Lent begins with sooty smudges on our foreheads reminding us of who we really are, children in need of a savior.
Children who are indeed blessed beyond blessed in our brokenness. The smudged foreheads on Ash Wednesday remind us of who we really are and of the walk we have been called to walk in the season of Lent.
What a beautiful reminder.
What a beautiful walk.
This is a snippet from my sermon I am preparing for this Sunday, and as I prepare to invite those in the congregation to a deep and meaningful life-changing walk, I extend that invitation to you as well.
I know a thing or two about walks, journeys and wandering.
Last November, after three plus years of living away from the place God originally called me to serve–a little white church on the border of Upstate New York and Vermont–I returned home. I returned home with nothing more than faith and trust in God. No job, no health benefits, no “sure thing” for the future. I came home to an 18th century home which translates into “money pit.”
But home I came, because I know life is not fully experienced as God wants us to experience it until we take those leaps of faith. It’s so easy to say, “Well, I can’t do that because it just doesn’t make sense.”
When God calls us, it NEVER makes sense. In fact, rest assured that God always seems to lead us to do the impossible, to break open those closed doors so that those who are blinded by hate or jealousy or ignorance can see the light of Christ shining.
I was led a decade ago to do the impossible in a little rural church. The church I fondly refer to as “the little white church.” Its structure is really not little, if anything, its New England clapboard frame is quite large. But in terms of numbers gathered, it would rate as small.
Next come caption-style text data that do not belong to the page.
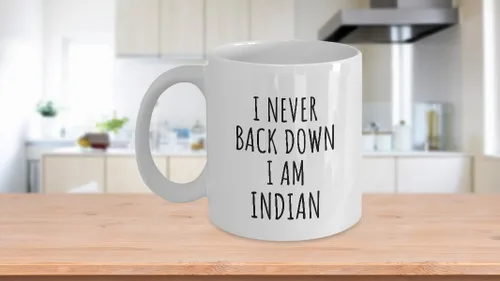 Miniatura 3 de I Never Back Down I'm Indian Mug Funny India Gift For Men Women Strong Nation Pride Quote Gag Joke Coffee Tea Cup Large 15 Oz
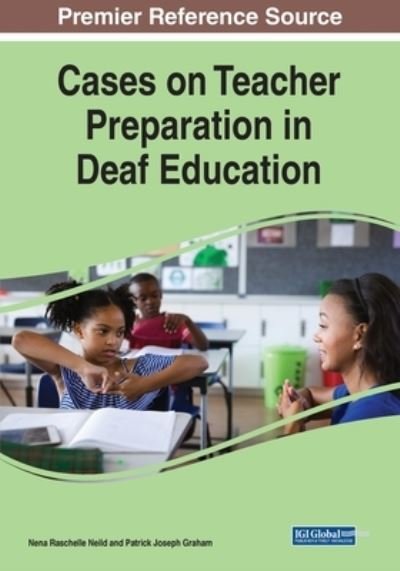 Cover for Nena Neild · Cases on Teacher Preparation in Deaf Education (Buch) (2023)
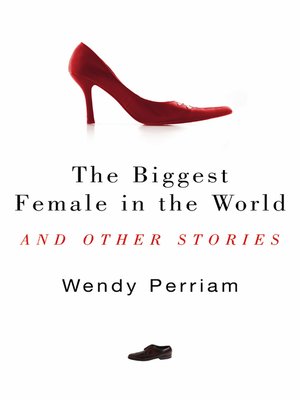 cover image of The Biggest Female in the World and other stories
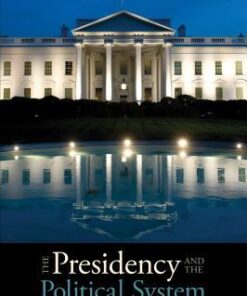 The Presidency And The Political System 11Th Edition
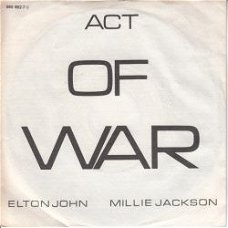 VINYLSINGLE * ELTON JOHN & MILLIE JACKSON * ACT OF WAR * GERMANY 7"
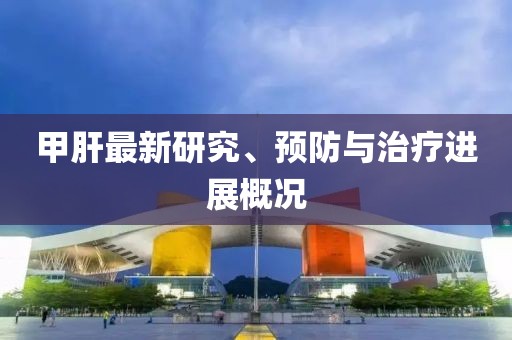 甲肝最新研究、預(yù)防與治療進展概況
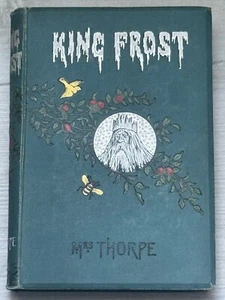 Antique Book King Frost The Wonders of Snow and Ice Mrs Thorpe 1st Edition 1886 - Picture 1 of 15
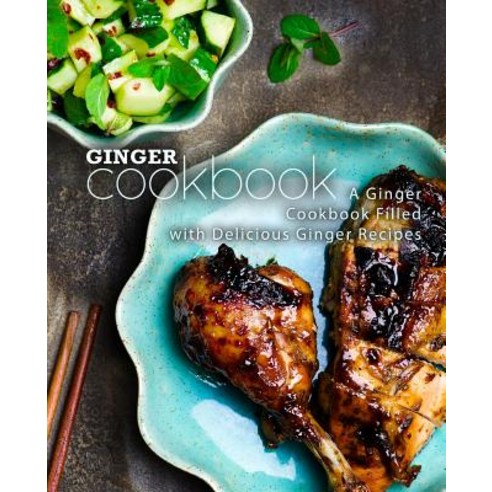 Ginger Cookbook: A Ginger Cookbook Filled with Delicious Ginger Recipes Paperback, Createspace Independent Pub..., English, 9781722327279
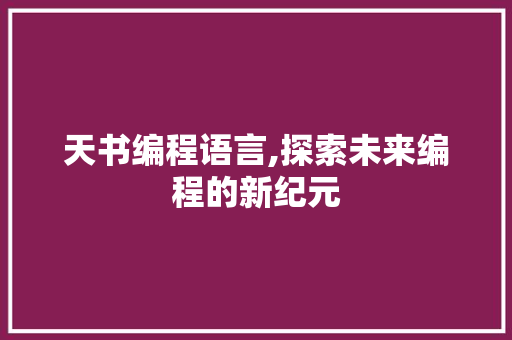 天书编程语言,探索未来编程的新纪元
But I walked the crazy walk into that pulpit and learned a beautiful lesson. While small in numbers that congregation had hearts that were/are huge. Quick to argue; quicker to love. Quick to doubt; quicker to fall on their knees to pray. Quick to accept a former New York City fashion editor as their pastor; quicker to embrace that accidental country pastor as one of their own.
I am walking the hard walk again. I am journeying again. I am haplessly wandering again…or so it seems. I have made it back home, but now I need to go all the way in trusting God in how it is God wants me to serve him.
I am so glad the season of Lent is here. I am glad because it reminds that Jesus made a hard journey as well. Yet Jesus never stumbled, never faltered, never doubted each step he took–even when there were naysayers on the path and those who tried to make him stumble or worst yet, sought his life. He kept his eyes fixed straight ahead to the painful yet beautiful cross that awaited him. He kept knowing that the journey would indeed be worth it.
I believe too that the journey is worth it.
So journey with me. Let us pray together. Let us keep one another from stumbling or giving up.
If you have a prayer I can lift up for you, please do not hesitate to reach out to me. The prayers will be confidential and I will add them to my prayer time every morning when I walk up to the top of Sofie’s Hill here at the Old Stone Well Farm. And know that as I am sitting on a fallen tree overlooking the valley and gazing at Vermont’s Green Mountains in the distance, I will be praying for this broken world, for all the little white churches who are such amazing witnesses of faith in their communities, for God’s provision for those struggling and I will be praying for you.
You can send your requests to firstname.lastname@example.org.
Blessings and peace,
I just love this picture of the path on the rail trail here behind my little old house in Vermont. I thought it was the perfect Lenten journey picture to share with you. Notice how there seems to be a “opened door” at the end of the path. With God, my friends, there is always an opened door waiting for us.